3. Lithium ion secondary battery and manufacturing method thereof 3.1. Lithium Ion Secondary Battery FIG. 10 is a conceptual diagram showing a form example of the lithium ion secondary battery of the present invention, and shows an enlarged partial cross section of the lithium ion secondary battery. 10, components having the same configuration as in FIG. 9 are denoted by the same reference numerals as those used in FIG. 9, and description thereof is omitted as appropriate. In addition, in order to facilitate understanding of the present invention, in FIG. 10, the description of the recesses, acicular copper, and tin thin film provided in the negative electrode body is omitted. Hereinafter, the lithium ion secondary battery of the present invention will be described with reference to FIGS. 9 and 10.

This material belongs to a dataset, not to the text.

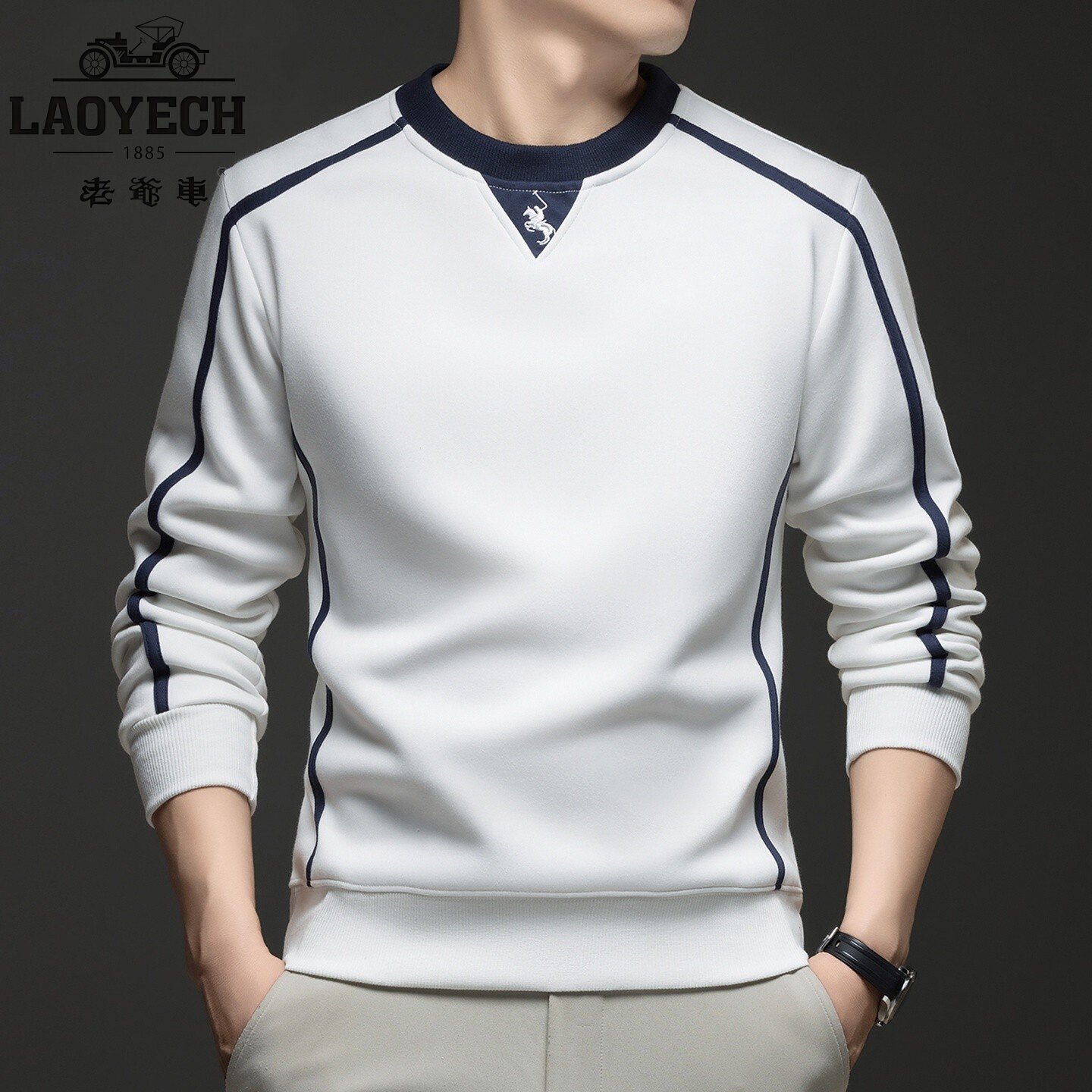 Classic car sweatshirt for men fall 2025 new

  The lithium ion secondary battery 100 of the present invention shown in FIG. 10 includes a current collector 40, a positive electrode layer 50 disposed so as to be in contact with the current collector 40, a negative electrode body 21, and a positive electrode layer 50 and a negative electrode. A separator 60 is provided between the electrode body 21 and a non-aqueous electrolyte solution 70 is filled between the positive electrode layer 50 and the negative electrode body 21. Irregularities are formed on the surface of the negative electrode body 21 provided in the lithium ion secondary battery 100. Therefore, the electrolytic solution 70 can be spread over the entire surface of the negative electrode body 21 even when bent in a bellows shape. Thus, since the lithium ion secondary battery 100 is provided with the negative electrode body 21, according to the present invention, it is possible to ensure strength, improve durability, and capacity per unit volume. The lithium ion secondary battery 100 can be provided.

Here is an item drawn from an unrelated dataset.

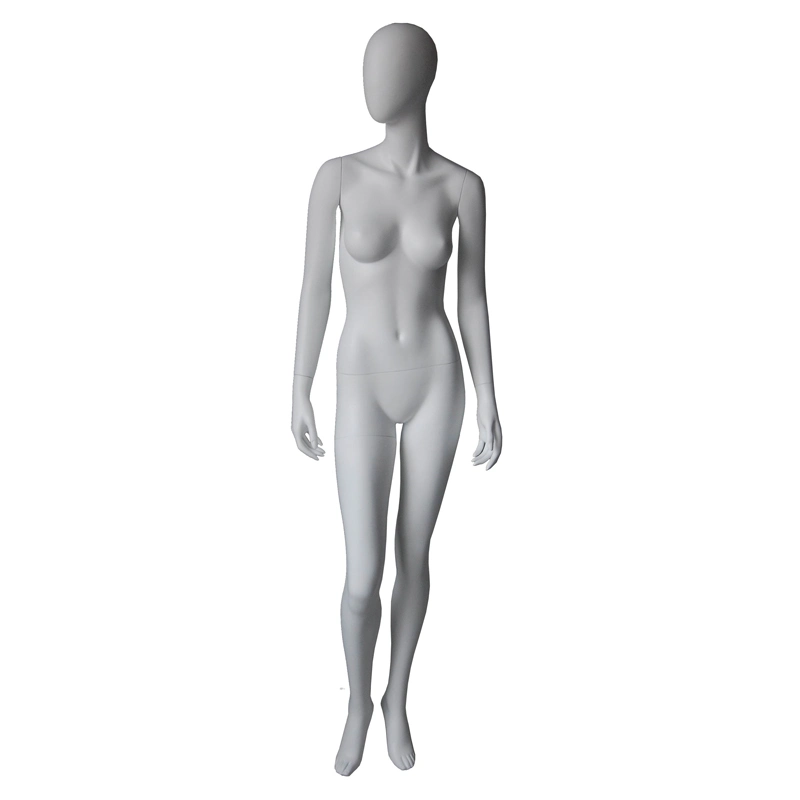 Window Display Full Body Fiberglass Woman Mannequin with Egg Head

  In the above description regarding the lithium ion secondary battery 100 of the present invention, the mode in which the negative electrode body 21 bent in a bellows shape is illustrated, but the lithium ion secondary battery of the present invention is not limited to this mode. Absent. The lithium ion secondary battery of the present invention may be configured to include the negative electrode body 20 of the present invention that is not bent into a bellows shape. However, since the capacity per unit volume can be increased by bending the negative electrode body into a bellows shape, from the viewpoint of making a lithium ion secondary battery capable of increasing the capacity per unit volume, etc. It is preferable that the negative electrode body of the present invention bent in a bellows shape is provided.

  The lithium ion secondary battery of the present invention is not particularly limited as long as the negative electrode body of the present invention is provided. A well-known thing can be used for a positive electrode layer.

3.2. Manufacturing Method of Lithium Ion Secondary Battery The manufacturing method of the lithium ion secondary battery of the present invention is such that the form of other steps is as long as the negative electrode body provided in the lithium ion secondary battery is manufactured by the method of the present invention. It is not particularly limited. Processes other than the process of manufacturing the negative electrode body can be in a known form.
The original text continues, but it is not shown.